No follow-up responce to date from Dr Belury.

UnclJunior

unread,
May 14, 2003, 3:11:26 PM5/14/03
to
Ian,
I appreciate your leg-work on this. I've stopped and re-stated taking CLA at
least three times. When Tom Matthews first raised concerns about CLA in the
LEF forum several years ago, it seemed only applicable to very thin people on
CR. Although I practice mild CR (moderate CR with mediocre compliance) I am of
average weight being once obese. Maintaining insulin sensitivity is clearly
one of the most important aims of a life-extension program and the case for CLA
is still an open question, in contradiction to LEF's biased cheerleading. A
more even handed presentation of CLA benefits (and possible risks) might lower
the sales of CLA, but would enhance their credibility. Although I still
purchase the majority of my supplements from them, I now price compare and no
longer will automatically purchase from them when their prices are slightly
higher than another reputable source.


Ian Goddard

unread,
May 14, 2003, 8:31:07 PM5/14/03
to


IAN: Yeah, recently I begun taking CLA again. Previously
I took it when I was overweight and for some time during
the first 6 months of CR. My renewed interest was for its
alleged ability to improve insulin efficiency (IE) (though
my IE is impressive as it is!) and to preserve or increase
lean mass. Given the findings posted in this thread, I've
discontinued CLA. Last May I weighed 160 lbs, down from
a maximum of 220 lbs. Over the last year I've slimmed
down to 140 lbs. Starting to get a real CR look, so
I was hoping CLA might be a way to keep muscle on.

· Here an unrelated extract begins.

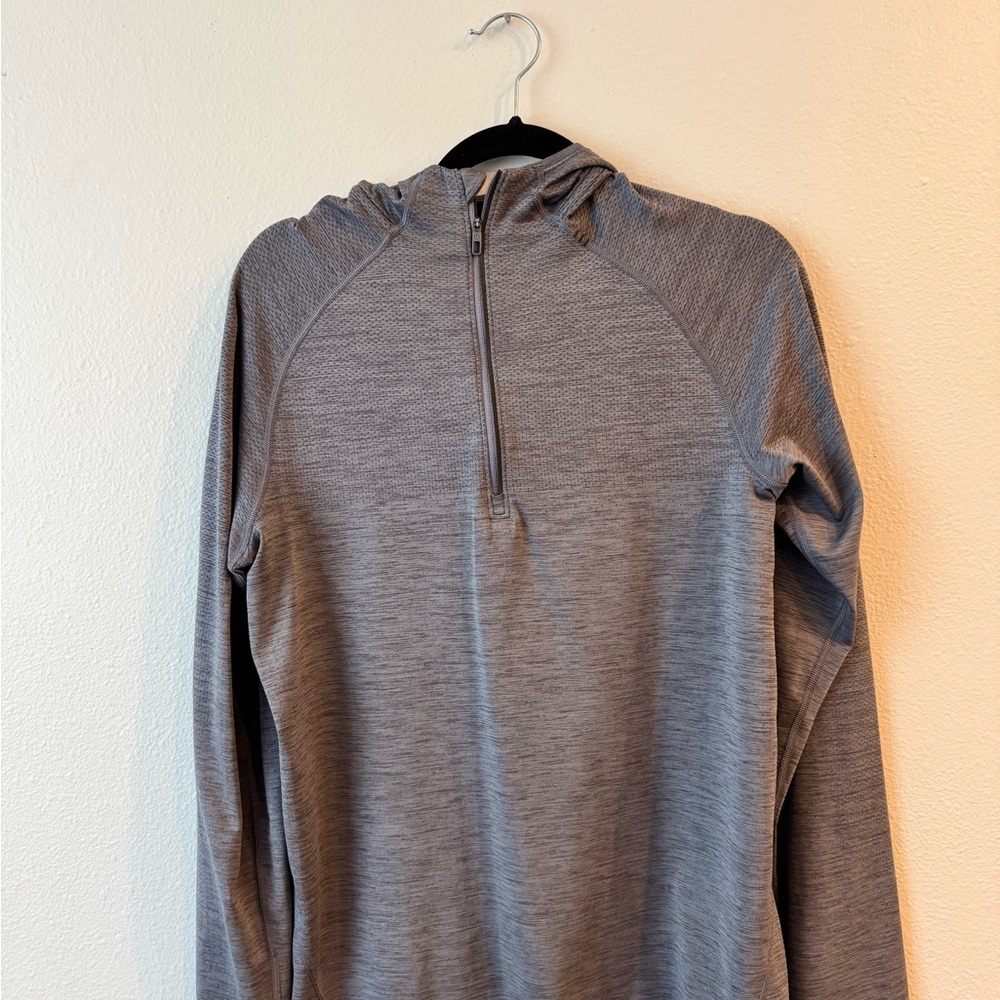 lululemon athletica Gray Long Sleeve Tee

Recently I cut out in-between-meal snacking on nuts.
At first I was hit with unpleasant hunger, but like
before, it passed, although faster than before (in
less than a week). In two moths my weight dropped
from 145 to 140. I fast 12-to-15 hours between my
last meal of the day and breakfast. Recent research
that has been posted here points to benefits of
regular fasting, even without CR. So I'm getting,
I hope (and I feel), the benefits of both CR and
moderate fasting. I also seem to have more energy!